Screens The way we were

Romero's latest zombies are recovering their memories and basic motor skills while embattled humans lay waste to each other

It was supposed to be a trilogy. Maybe it didn't start out that way, but George A. Romero's magnum opus certainly made sense in that format: three films - Night of the Living Dead, Dawn of the Dead, and Day of the Dead - scattered over 17 years, representing a complete 24-hour cycle (twilight having been covered in the first film, and really, how scary could Dusk of the Dead have been?), attacking their subject from three diverse but nicely balanced angles.

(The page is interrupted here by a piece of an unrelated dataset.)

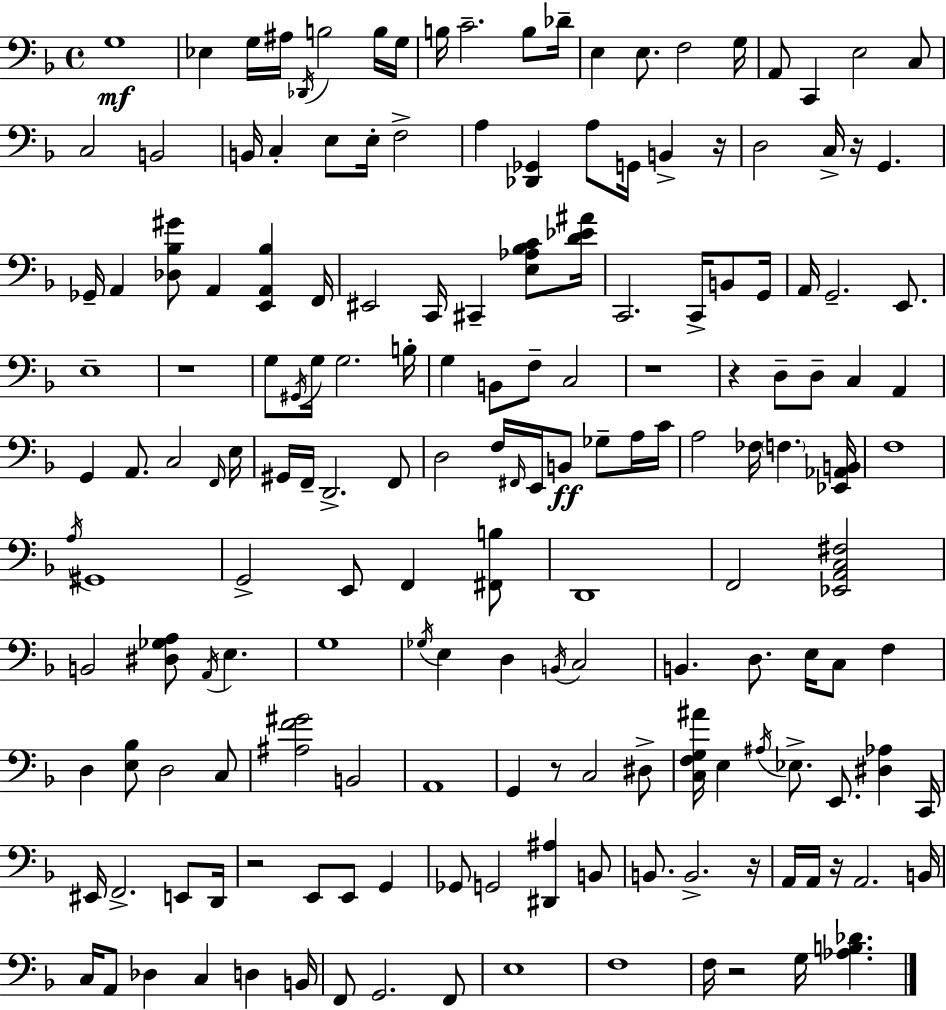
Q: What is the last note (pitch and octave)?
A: G3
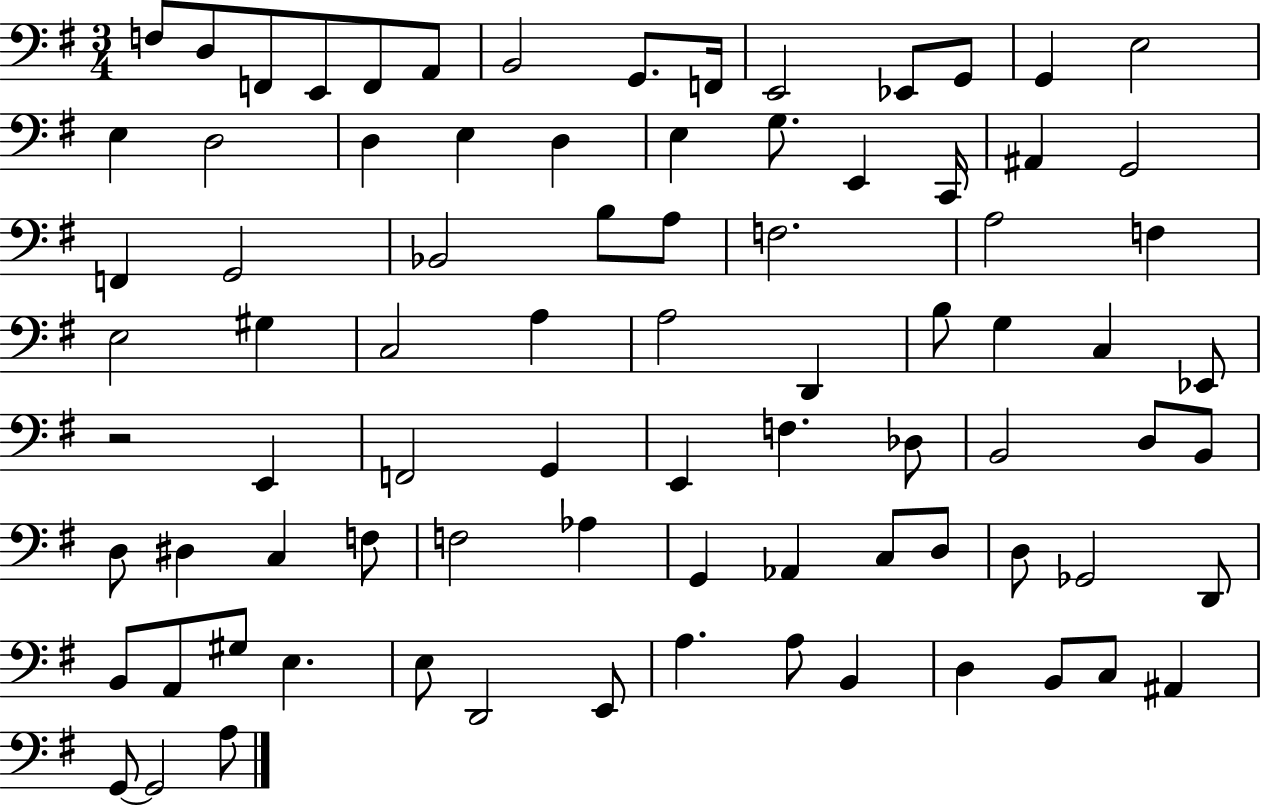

I eat dead people: Zombies take charge in
Land of the Dead.

Now, 20 years after the last installment, the world has called upon the Zombie King to retake his throne. Filmmakers who grew up in Romero's shadow have done so well lately with fantastic fright flicks such as 28 Days Later, the Dawn of the Dead remake, and the comic take Shaun of the Dead, some of which were actually mainstream hits, that it would have been wrong for him to let this wave pass him by.

Land of the Dead may jettison the chronological theme of its brothers, but it does follow their lead in cooking up a new angle instead of just rehashing an old plot with fancier special effects. Here, mortals have lived with reanimated corpses for long enough to settle into a routine: They live in fenced- and moated-off cities defended by armies and supplied by scavengers who drive tanks out to zombie-inhabited surrounding towns to bring back food.

Romero's zombie films have always contained a layer of social critique, and this one's no different. The filmmaker imagines a post-apocalyptic scenario that is ridiculous but not implausible: The dead outnumber the living, danger is everywhere, and yet somehow, paper money still matters. Those who have it hole up in a high-rise called Fiddler's Green, whose ground floors support fashionable boutiques and fancy restaurants, while the have-nots teem through grimy streets and live on crumbs. The latter talk about revolution but, like a few Democrats we know, haven't yet found the cojones to take much action.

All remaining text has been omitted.